Response: We conducted additional experiments on the fine-tuned version of the quantized LLAMA-2 7B model, employing PEFT. Our results indicate that the intrinsic dimensionality of the model displays a non-monotonic pattern. Consistent with our hypothesis, integrating SMAAT into this model results in choosing the first layer to perform adversarial training, which does not provide additional scalability benefits. We nevertheless performed AT at the last layer and, as expected, this did not yield improved robustness.

ablation study of adversarial training on different layers: since this paper proposes to only fine-tune the last layer, what will happen if we include more layers for adversarial training? do we gain better robustness since more model parameters are included for adversarial training?

Response: We evaluated the robustness and generalization impact of adversarial training in the intermediate layers.

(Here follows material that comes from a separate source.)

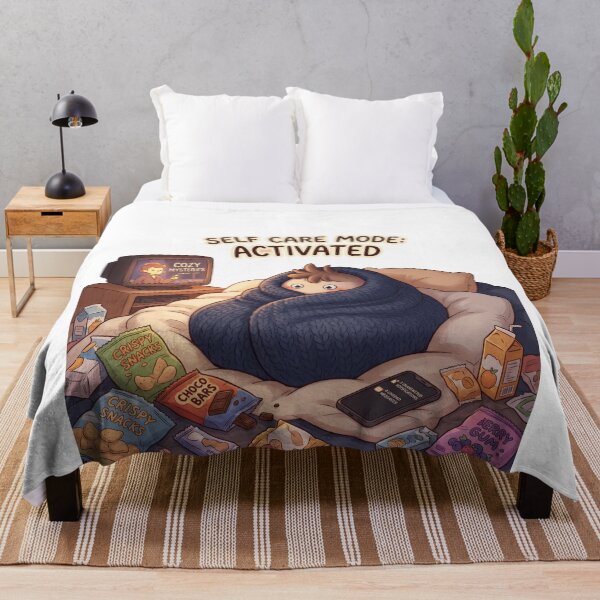 Item preview, Self Care Mode Activated Depression Blanket Burrito designed and sold by LunaMarkos.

Our findings are presented in the newly added Figure 4 of the revised paper. In alignment with our main finding, when the adversarially trained layer is positioned closer to the input layer robustness of the model decreases as higher intrinsic dimensionality makes it more difficult to generate off-manifold examples.

lack of adaptive attack: I strongly recommend the authors to design the adaptive attack [1] to approximate the lower bound of empirical adversarial robustness under their defense. This paper only evaluates model robustness under a simple 5-step PGD attack, which is not enough.

Response: To assess the robustness of our method under more targeted attacks, we considered the following three strategies: 1. enhancing the strength of PGD attacks by increasing the steps to 50 and targeting the most vulnerable class, thereby generating attack samples more potent than those utilized during training; 2. implementing targeted PGD attacks focused on the internal representations of an intermediate layer (“feature-level attack” introduced in [1]), rather than targeting the output label, to more effectively exploit our approach which primarily bolsters robustness at the final layer. The robustness results presented in Table 3 of the revised manuscript are the averaged results of these two attacks instead of the 5-step PGD attack applied earlier.

References

[1] Sara Sabour, Yanshuai Cao, Fartash Faghri, and David J Fleet (2015). Adversarial manipulation of deep representations arXiv preprint arXiv:1511.05122, 2015

We appreciate your valuable feedback and constructive comments.

The three observations mentioned in the abstract appear not to be discussed in detail in the paper. How do these observations motivate the methodology?

Response: In our revision, we have further clarified how the three fundamental observations motivated our approach. For this, we expanded Section 3.0 to also include our intuitions that drove our problem formulation.

How effective are SMAAT generated adversarial examples compared to standard adversarial examples in attacking LLMs?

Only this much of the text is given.